The Lesson I Needed To Learn
“And you shall [earnestly]remember all the way which the
Lord your God led you these forty years in the wilderness, to humble you and to
prove you, to know what was in your [mind and] heart, whether you would keep
His commandments or not. And He humbled
you and allow you to hunger and fed you with manna, which you did not know nor
did your fathers know, that He might make you recognize and personally know
that man does not live by bread only, but man lives by every word that proceeds
out of the mouth of the Lord.” Deuteronomy 8:2-3
When I read that verse this
morning, it confirmed that the next thing I needed/wanted to share about was one
of the lessons I needed to learn about trust and provision.
As I mentioned in an earlier
post, one of the things I wanted to do prior to getting married was to have the
experience of living on my own for at least six months to a year.
As an older teen, I
remember discussing independence and responsibility with my parents. These conversations were usually around the
dinner table in the evening.
The conversations may have
sounded something like this:
Dad: “Sis, you should know how to take care of yourself,
even if you do get married. Something
could happen to your husband and then you would have to pay the bills, take
care of your home and everything else involved with that.”
Me: “What do you mean
about something happening to my husband?”
Dad: “If your
husband is in the military, he might be sent out on TDY (Temporary Duty
Assignment) for three to six months.
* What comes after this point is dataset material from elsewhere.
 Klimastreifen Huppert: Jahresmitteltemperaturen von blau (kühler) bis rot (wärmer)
You’d
be left ‘holding the fort’. Or, you
husband might be in an accident where he would be unable to work again, so you’d
have to be the one who earned enough to pay the bills. Or you might find yourself divorced, with a
family to support. Any of those things
could happen.”
I saw the wisdom in this
advice. “The List” was born—‘Things I want to
achieve before I know that I’m ready to get married’ list. There three primary ones—but they had no
specific priority.
1.
Live on your own. This means to have the practical experience
of:
- How to be financially responsible
- Acquire the confidence to own and maintain a car;
- Dealing with landlords regarding home repairs
- Learning to make due with the resources that I have
- Manage my time
2. Write a book.
3. Visit England
In January 1977 I began studying at the
School of the Ozarks (now College of the Ozarks) in Branson, Missouri. By December 1977 I knew that it was pointless
to stay in college any longer; I had no
idea as to what area of study in which I wanted a degree. Over the Thanksgiving break I discussed the
issue with Mom and Dad. We all decided that I should join the military.
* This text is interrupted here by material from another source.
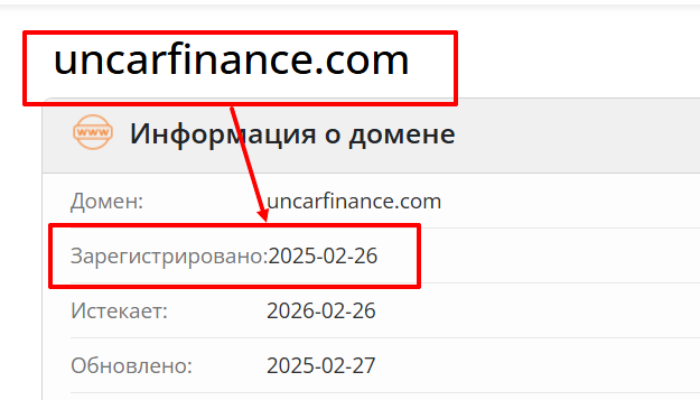 Uncar Group возраст 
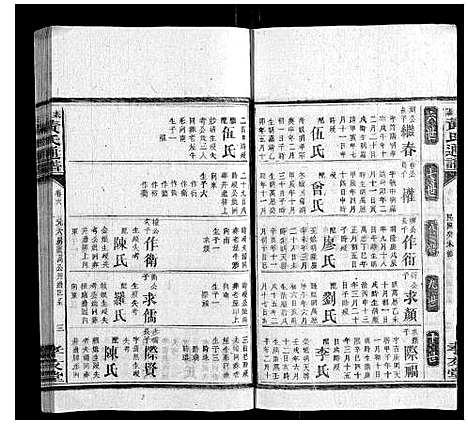 [黄]耒阳黄氏通谱 (湖南) 耒阳黄氏通谱_七.pdf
The insurance company weight charts (that
have ruined many a life by their unscientific conclusions and unrealistic
standards) put paid to that. At five-foot,
three-inches tall, the accepted weight chart declared that the perfect weight
to be met was 115 pounds/52kgs. A
healthy weight to suit my build and body type would have been about 135
pounds/61 kgs. But the military are adamant
about meeting standards and there was no way I was going to reduce my weight to
115 lbs/52kgs without falling ill.
Through prayer and knocking on doors, I
found my way into barber college. It
took me nine months to get my apprentice barber’s license. A year later I earned my master barber’s
license. This gave me a skill I could
use to earn money anywhere I went. It is
a skill that has served me well over the years.
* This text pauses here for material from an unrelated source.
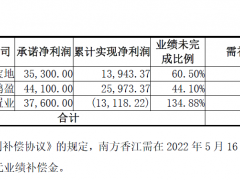 香江控股：控股股东已支付业绩补偿金10.4亿，还欠9.97亿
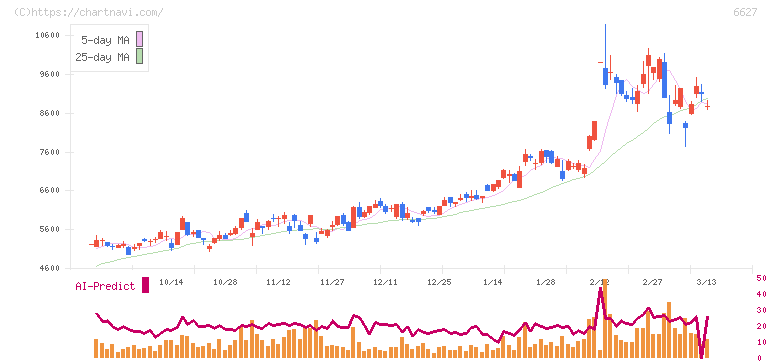 テラプローブ(6627)の日足チャート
I had depended on my skills and ability to
work to earn a living. I was thankful
for the talents God had blessed me with.
When I went to Youth With A Mission DTS, I had saved up the part of the money
to pay for it. It was supplemented well
by my home church.
Each day we had spare time and I’d
brought my haircutting equipment. It
provided a way for me to earn money to pay for the use of the washing machines,
buy the occasional chocolate and other personal items I needed.
In 1995 I was accepted onto Staff with
YWAM, University of the Nations/School of Writing (SOW). The facilities were in Texas, and I could not
work as a professional barber unless I passed a Texas state exam. Being on school staff meant there was not
time to work a second job.
My home church was just beginning to
understand and support foreign missions and missionaries. But the structure of that support was based
on cell groups adopting missionaries who had been a part of the group prior to
leaving for service.
I had a few supporters who were not a
part of my home church. But the amount I
needed was more than those who had pledged to help me.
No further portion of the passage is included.